Já no sistema batelada, a automação é recomendada, mas não obrigatória, permite maior flexibilidade operacional, com manobras, limpezas, bem como maior flexibilidade para aumentos de capacidade e custo de implantação mais baixo. O sistema contínuo, sem dúvida, é muito interessante e muito bem consolidado para aplicações em massas B e C, já com a existência de algumas iniciativas bem-sucedidas para massa A. Na São Martinho estamos optando por projetar contínuo na massa B, com utilização de VG3 e batelada na massa A, com agitação mecânica e utilização de VG2.
 
Um bom sistema de geração de vácuo também é fundamental para a boa performance da evaporação e dos cozedores. Já temos em uma das nossas unidades um condensador evaporativo instalado, na massa B, com vácuo contínuo, na nossa visão um equipamento muito inteligente e eficiente, mas tínhamos algumas dúvidas quanto à operação desse equipamento em um cozedor batelada, em função das paradas e retomadas, principalmente. 

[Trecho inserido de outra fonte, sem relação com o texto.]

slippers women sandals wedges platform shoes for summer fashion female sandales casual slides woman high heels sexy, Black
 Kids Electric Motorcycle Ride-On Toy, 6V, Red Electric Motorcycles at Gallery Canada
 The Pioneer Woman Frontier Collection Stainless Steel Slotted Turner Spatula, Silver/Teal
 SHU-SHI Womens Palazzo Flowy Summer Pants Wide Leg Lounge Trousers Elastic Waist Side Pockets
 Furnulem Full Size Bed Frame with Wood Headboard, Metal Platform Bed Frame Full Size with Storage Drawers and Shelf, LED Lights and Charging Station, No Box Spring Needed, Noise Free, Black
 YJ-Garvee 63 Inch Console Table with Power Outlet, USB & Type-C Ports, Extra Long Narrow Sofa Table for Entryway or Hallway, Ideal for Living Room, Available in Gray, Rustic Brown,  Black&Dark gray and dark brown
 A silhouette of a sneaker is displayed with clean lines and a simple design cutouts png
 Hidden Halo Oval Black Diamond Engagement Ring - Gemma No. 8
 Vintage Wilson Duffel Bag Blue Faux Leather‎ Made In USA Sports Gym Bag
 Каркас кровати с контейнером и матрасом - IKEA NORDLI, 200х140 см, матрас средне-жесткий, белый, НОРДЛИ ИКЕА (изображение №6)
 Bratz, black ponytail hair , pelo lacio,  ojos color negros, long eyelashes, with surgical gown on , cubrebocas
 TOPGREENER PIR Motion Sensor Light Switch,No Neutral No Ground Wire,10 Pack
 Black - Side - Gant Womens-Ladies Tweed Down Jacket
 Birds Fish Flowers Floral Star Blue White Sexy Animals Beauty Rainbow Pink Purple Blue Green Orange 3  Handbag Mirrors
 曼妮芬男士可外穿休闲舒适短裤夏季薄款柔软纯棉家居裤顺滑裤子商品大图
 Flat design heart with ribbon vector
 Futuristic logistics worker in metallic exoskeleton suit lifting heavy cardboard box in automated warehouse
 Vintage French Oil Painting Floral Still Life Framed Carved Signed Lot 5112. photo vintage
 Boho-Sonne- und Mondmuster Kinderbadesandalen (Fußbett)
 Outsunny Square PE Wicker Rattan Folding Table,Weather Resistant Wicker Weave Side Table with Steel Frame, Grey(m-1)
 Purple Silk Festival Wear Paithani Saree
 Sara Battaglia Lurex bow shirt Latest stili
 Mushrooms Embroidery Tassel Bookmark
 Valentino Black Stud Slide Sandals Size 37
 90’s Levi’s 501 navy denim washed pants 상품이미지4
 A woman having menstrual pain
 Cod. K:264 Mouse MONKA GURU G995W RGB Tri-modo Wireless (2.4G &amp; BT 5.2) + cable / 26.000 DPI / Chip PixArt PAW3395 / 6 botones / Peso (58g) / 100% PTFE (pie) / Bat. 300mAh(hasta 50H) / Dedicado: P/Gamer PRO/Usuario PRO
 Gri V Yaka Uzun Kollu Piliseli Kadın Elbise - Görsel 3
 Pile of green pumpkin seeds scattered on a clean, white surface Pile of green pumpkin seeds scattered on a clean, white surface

Fizemos algumas visitas, estudamos e verificamos que, com alguns critérios no dimensionamento da bomba de vácuo (parte do sistema), o condensador evaporativo nos dá a segurança necessária na operação. Comparando com sistemas convencionais como multijato, condensador com bomba de vácuo ou hidroejetor, com aspersor ou torre para resfriamento da água, o sistema evaporativo traz muitas vantagens, como operação mais simples, menos manutenção, menor consumo de EE, redução de insumos no tratamento da água e layout, opção muito favorável, principalmente para uma planta nova, comparando todo o sistema.
 
O condensador evaporativo elimina a necessidade da torre ou spray, todo circuito de água e bombas enormes, estamos optando por instalar essa tecnologia em todas as operações, evaporação e cozimentos, da granagem à massa A.

Para finalizar, em projetos de melhoria ou na concepção de uma nova planta, as tecnologias hoje disponíveis têm de ser consideradas. Citamos algumas que estamos estudando em nosso projeto:
• Automação e operação remota dos equipamentos;
• Automação do sequenciamento das operações da fábrica de açúcar – “diagrama de ocupação” dos cozedores;
• Autonomia no tempo de lavagem das centrífugas, com leitura da cor do açúcar online;
• Monitoramento online da granulometria dos cristais nas massas;
• Controle da temperatura do açúcar seco, resfriamento final através de trocador de calor a placas e água gelada como fonte fria.

Longe de esgotar o assunto, em uma outra oportunidade voltaremos a abordar outros aspectos relacionados a este tema, vasto e apaixonante no processo de fabricação de açúcar.